That was such a sweet tribute and it just choked me up. I guess it really hits home for me because I know I will lose Beau soon. She is with all of our dogs waiting at the rainbow bridge until the day you can be together again. Thank you for sharing that with us.


----------



## KatzNK9 (Feb 27, 2007)

I'm so sorry for your loss. Spice was a beauty. I hope your many happy memories often bring smiles to you.


----------



## Griffyn'sMom (Mar 22, 2007)

Awwww  Cyber ~Hugs~ headed your way. I hope my Jake is taking care of all these young-uns at the bridge.


----------



## Brinkleysmom (Dec 17, 2005)

Spice was a beautiful girl, Heidi. Know she was well loved and will be waiting for you with that beautiful tail of hers wagging all the way. Its a pain you never get over but it does get easier. Thank God we have the memories until we meet them again at the bridge


----------



## justmejanis (Feb 25, 2007)

I am so sorry Heidi. What a great loss. She will always be remembered!


----------



## timm (Jan 7, 2007)

we are crying for you and your spice, we know your pain all too well, we are so sorry for your loss

tim and melissa


----------



## mylissyk (Feb 25, 2007)

She's a precious girl who will always have a special place in your heart.


----------



## Dslats (Mar 1, 2007)

what a nice tribute to your very beautiful girl, spice. rest well spice. 

Debbie & mason


----------



## GoldenJoyx'stwo (Feb 25, 2007)

I will never forget Spice...


----------



## AquaClaraCanines (Mar 5, 2006)

She was absolutely beautiful. I love her name, too. What a lovely lady she was.


----------



## Brandy's Mom (Oct 5, 2005)

Beautiful tribute, Heidi. It does get a little easier over time but I don't think the tears ever dry up totally.


----------



## Heidi36oh (Feb 27, 2007)

Thank you all, made me feel better just to write down what I felt:bawling:


----------



## sophiesadiehannah's mom (Feb 11, 2007)

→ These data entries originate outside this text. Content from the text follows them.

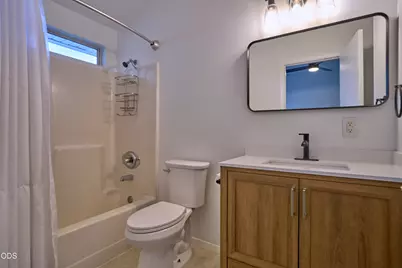 2101 Poplar Drive #80, Medford, OR 97504 - Photo 12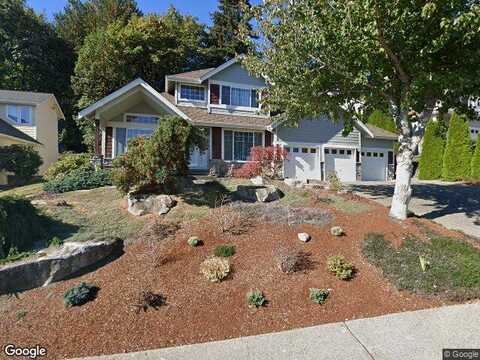 Shore Cliff, BREMERTON, WA 98311
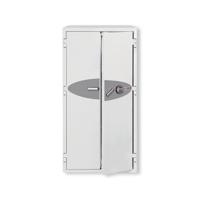 FIRE COMMANDER SAFE SZ 3 571L WHITE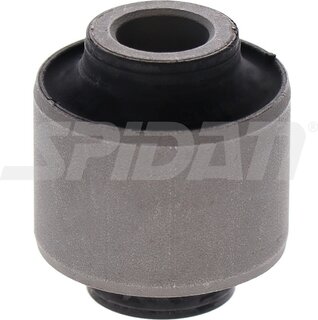 Spidan / Lobro 412469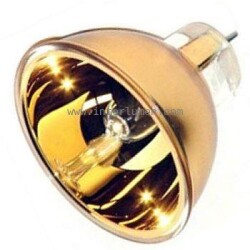 GZ6,35 15V 150W Fi.50 Osram 0386 HLX 64635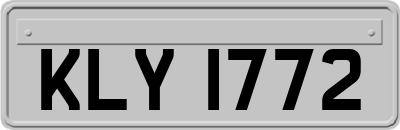 KLY1772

sorry about spice, i do know exactly how you feel, it has been a liitle over a year since we lost our liza with kidney failure and five years since we lost our roxanne due to diabetes. they are both missed so much.


----------



## AtticusJordie (Aug 15, 2006)

Gosh--what a great tribute! It certainly came from the heart!

Our condolences to you!

SJ


----------